We've all been declarer at a thin contract and were a favorite to fall through the ice.

When today's West opened one diamond, many Norths would have chosen a 1NT overcall. After North and East passed and South balanced with one spade, North cue-bid to show strength, and South liked his distribution enough to issue an encouraging jump.

North was venturing onto thin ice when he bid six spades -- I'd have wanted better spade support -- but there was nothing wrong with the slam that a nine of trumps in the North-South hands wouldn't have cured.
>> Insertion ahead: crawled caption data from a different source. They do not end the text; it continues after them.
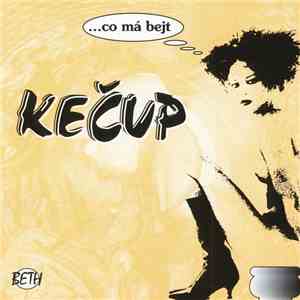 Kečup  - ...Co Má Bejt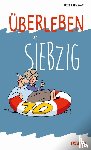 Butschkow, Peter - Überleben ab 70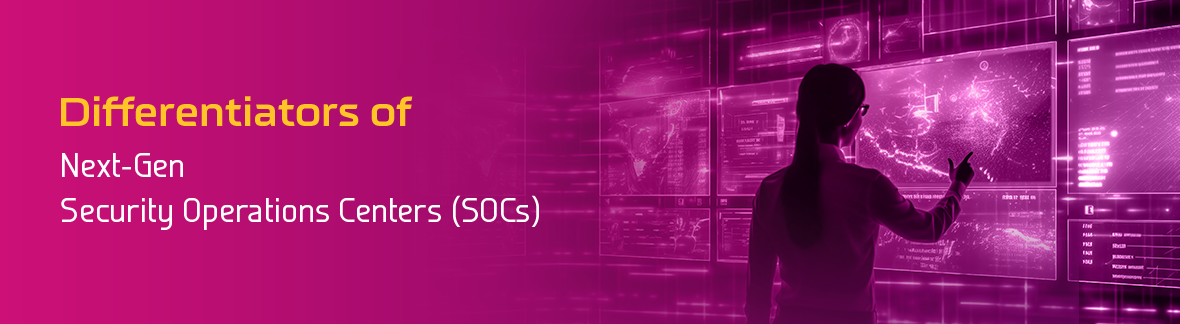 Differentiators of Next-Gen Security Operations Centers (SOCs)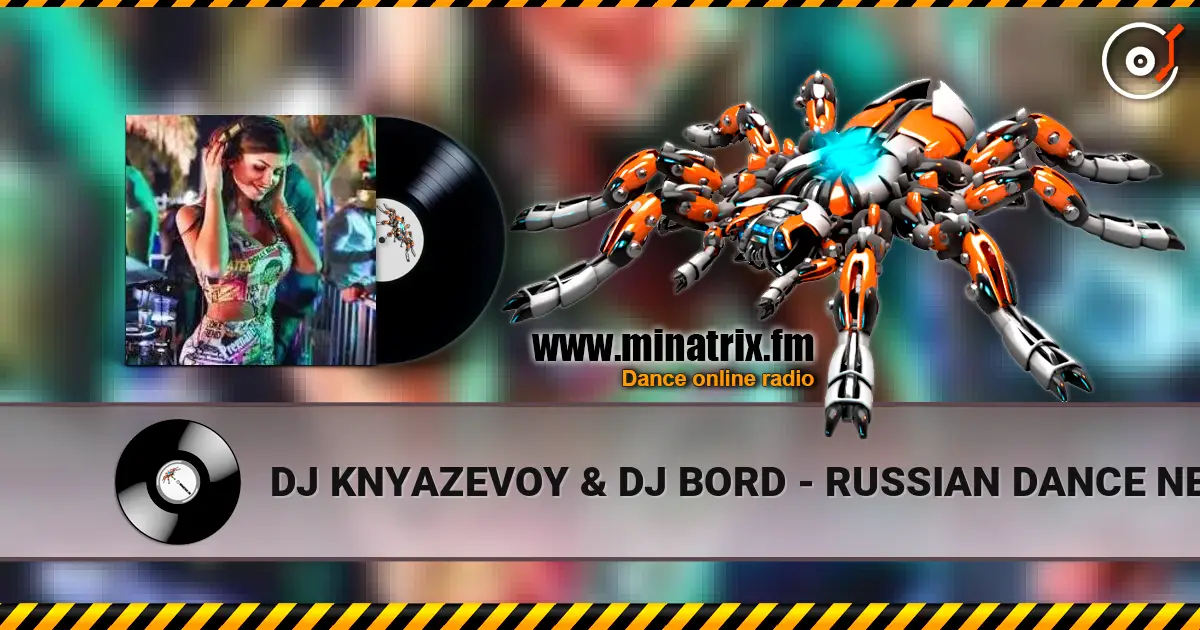 DJ KNYAZEVOY & DJ BORD - RUSSIAN DANCE NEW YEAR online in hoher Qualität hören | Minatrix.FM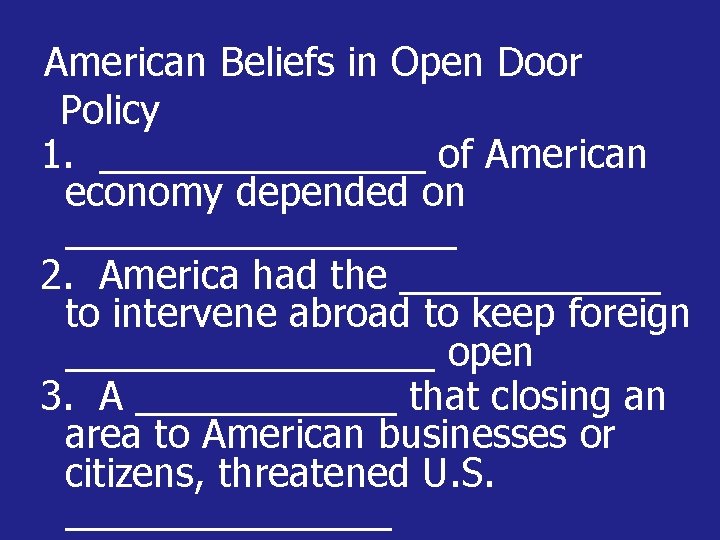 American Beliefs in Open Door Policy 1. ________ of American economy depended on _________
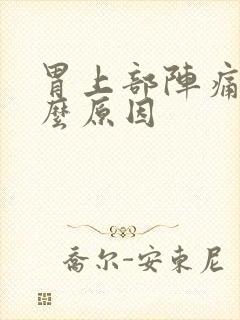 胃上部阵痛是什么原因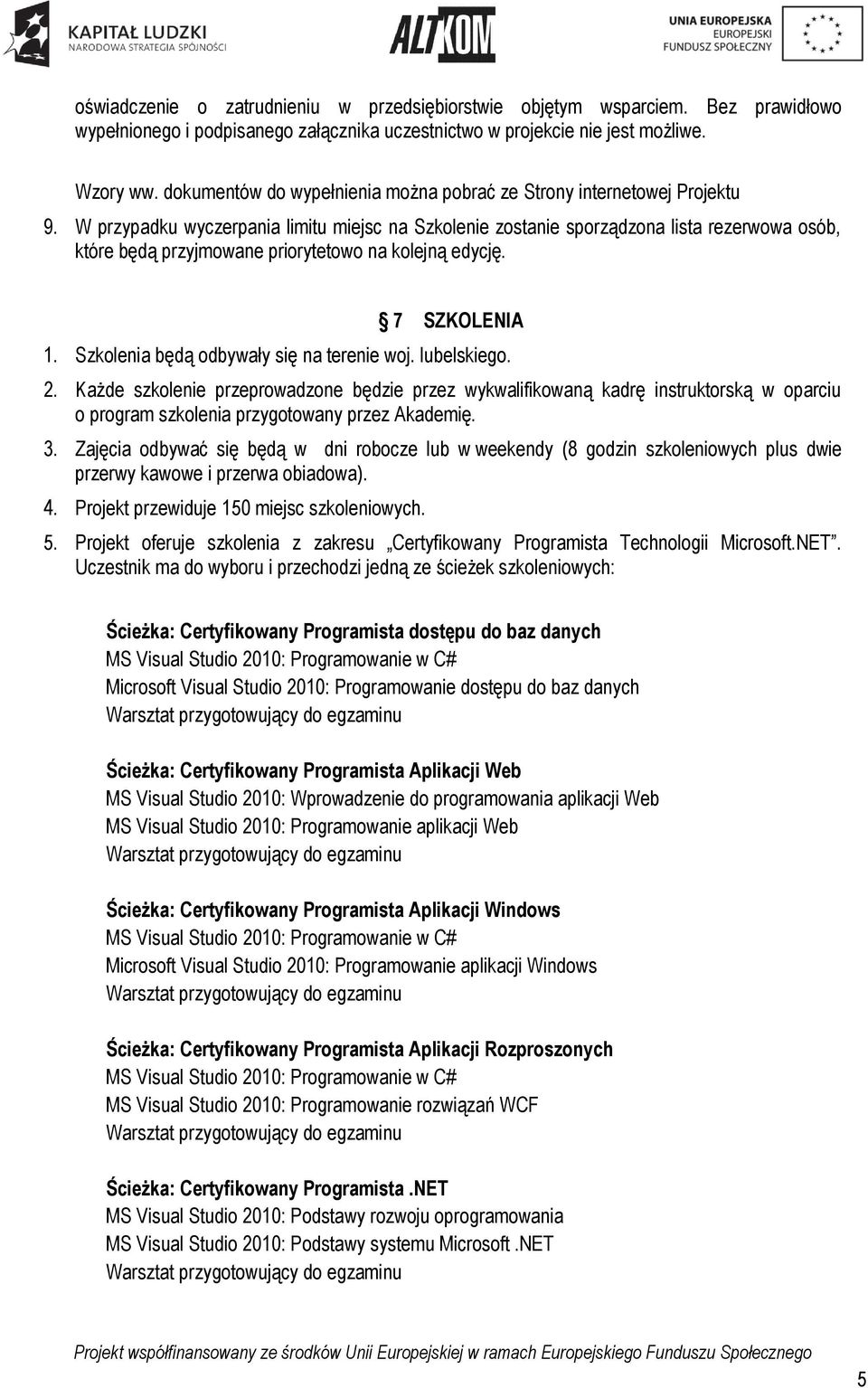 W przypadku wyczerpania limitu miejsc na Szkolenie zostanie sporządzona lista rezerwowa osób, które będą przyjmowane priorytetowo na kolejną edycję. 7 SZKOLENIA 1.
After South took dummy's ace of diamonds, he led the jack of trumps, hoping East would fail to cover if he held Q-x-x. But East covered, and South lost two trump tricks to West's A-9-4.

"Unmakable," South shrugged.

When you're on thin ice, you may as well dance. South can make the slam if he assumes that East-West have a precise distribution. South plays low from dummy on the first diamond and ruffs in his hand. He leads a heart to the ten, cashes the A-Q of clubs, ruffs a diamond, takes the king of clubs, leads a heart to the queen, ruffs a diamond, leads a heart to the ace and ruffs a diamond.

At the 11th trick, South is left with the jack of clubs and K-10 of trumps, and dummy has the ace of diamonds and J-7 of trumps. West still has his three trumps, and East has Q-8 of trumps and a club. South then leads the jack of clubs.

Whatever the defenders do, they get only one trick.

West dealer

Neither side vulnerable

NORTH

S J 7

H A Q 10 2

D A 8 6 4 3

C A Q

WEST

S A 9 4

H K 8 4

D K Q J 9

C 9 6 2

EAST

S Q 8

H 7 5 3

D 10 7 5 2

C 10 7 5 3

SOUTH

S K 10 6 5 3 2

H J 9 6

D None

C K J 8 4

West North East South

1 D Pass Pass 1 S

Pass 2 D Pass 3 S

Pass 6 S All Pass

Opening lead -- D K

2008 Tribune Media Services, Inc.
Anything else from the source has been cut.